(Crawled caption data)
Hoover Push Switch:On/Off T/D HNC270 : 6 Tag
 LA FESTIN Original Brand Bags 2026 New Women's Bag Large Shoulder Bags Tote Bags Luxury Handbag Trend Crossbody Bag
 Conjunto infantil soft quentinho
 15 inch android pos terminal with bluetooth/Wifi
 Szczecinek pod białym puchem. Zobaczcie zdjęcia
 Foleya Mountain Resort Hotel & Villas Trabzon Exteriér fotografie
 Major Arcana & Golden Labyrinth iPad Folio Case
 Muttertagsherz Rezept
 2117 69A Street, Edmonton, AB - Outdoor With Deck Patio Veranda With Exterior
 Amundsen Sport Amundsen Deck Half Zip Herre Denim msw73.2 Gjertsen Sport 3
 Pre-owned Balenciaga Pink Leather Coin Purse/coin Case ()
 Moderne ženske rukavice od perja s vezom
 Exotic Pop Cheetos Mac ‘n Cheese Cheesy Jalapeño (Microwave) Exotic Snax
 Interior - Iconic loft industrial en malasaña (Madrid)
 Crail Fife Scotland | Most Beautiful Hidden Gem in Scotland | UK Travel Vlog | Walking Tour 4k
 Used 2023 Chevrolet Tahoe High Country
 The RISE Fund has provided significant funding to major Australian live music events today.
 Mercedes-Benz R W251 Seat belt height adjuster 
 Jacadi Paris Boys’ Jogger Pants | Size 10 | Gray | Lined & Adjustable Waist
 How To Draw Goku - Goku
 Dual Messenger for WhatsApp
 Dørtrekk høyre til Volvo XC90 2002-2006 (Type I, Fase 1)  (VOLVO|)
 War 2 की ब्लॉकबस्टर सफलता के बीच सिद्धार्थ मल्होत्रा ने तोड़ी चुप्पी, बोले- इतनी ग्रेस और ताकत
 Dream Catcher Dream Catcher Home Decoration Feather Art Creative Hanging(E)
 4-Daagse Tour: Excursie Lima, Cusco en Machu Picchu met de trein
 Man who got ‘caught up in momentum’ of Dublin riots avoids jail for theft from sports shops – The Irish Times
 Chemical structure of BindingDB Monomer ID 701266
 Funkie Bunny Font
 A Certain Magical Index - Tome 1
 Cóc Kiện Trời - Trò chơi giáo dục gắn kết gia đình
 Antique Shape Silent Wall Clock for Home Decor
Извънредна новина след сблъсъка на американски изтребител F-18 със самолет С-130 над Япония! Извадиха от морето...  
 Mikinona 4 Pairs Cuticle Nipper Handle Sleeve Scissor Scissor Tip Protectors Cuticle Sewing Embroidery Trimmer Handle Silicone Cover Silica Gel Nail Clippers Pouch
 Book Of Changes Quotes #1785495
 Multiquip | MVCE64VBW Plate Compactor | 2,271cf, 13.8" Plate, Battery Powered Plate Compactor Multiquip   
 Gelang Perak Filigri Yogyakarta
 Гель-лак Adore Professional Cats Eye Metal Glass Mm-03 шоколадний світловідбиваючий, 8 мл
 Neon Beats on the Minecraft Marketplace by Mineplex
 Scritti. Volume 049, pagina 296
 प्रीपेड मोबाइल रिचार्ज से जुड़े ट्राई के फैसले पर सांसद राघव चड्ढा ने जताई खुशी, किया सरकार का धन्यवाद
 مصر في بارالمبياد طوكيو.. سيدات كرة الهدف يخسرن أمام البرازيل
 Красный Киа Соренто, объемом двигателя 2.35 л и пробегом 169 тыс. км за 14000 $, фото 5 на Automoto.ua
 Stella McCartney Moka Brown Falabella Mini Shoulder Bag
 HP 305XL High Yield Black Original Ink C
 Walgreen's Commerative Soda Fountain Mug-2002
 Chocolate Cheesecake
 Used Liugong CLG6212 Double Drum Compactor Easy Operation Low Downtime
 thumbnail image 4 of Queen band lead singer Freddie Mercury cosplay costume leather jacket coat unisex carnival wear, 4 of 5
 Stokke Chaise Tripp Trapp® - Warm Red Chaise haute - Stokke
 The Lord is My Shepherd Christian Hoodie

▸ TASK STATEMENT: Write out exactly the lines above from the line with "Scritti. Volume 049, pagina 296" through the line with "Used Liugong CLG6212", both of them included, and leave out all other lines.

▸ EXPECTED ANSWER:
 Scritti. Volume 049, pagina 296
 प्रीपेड मोबाइल रिचार्ज से जुड़े ट्राई के फैसले पर सांसद राघव चड्ढा ने जताई खुशी, किया सरकार का धन्यवाद
 مصر في بارالمبياد طوكيو.. سيدات كرة الهدف يخسرن أمام البرازيل
 Красный Киа Соренто, объемом двигателя 2.35 л и пробегом 169 тыс. км за 14000 $, фото 5 на Automoto.ua
 Stella McCartney Moka Brown Falabella Mini Shoulder Bag
 HP 305XL High Yield Black Original Ink C
 Walgreen's Commerative Soda Fountain Mug-2002
 Chocolate Cheesecake
 Used Liugong CLG6212 Double Drum Compactor Easy Operation Low Downtime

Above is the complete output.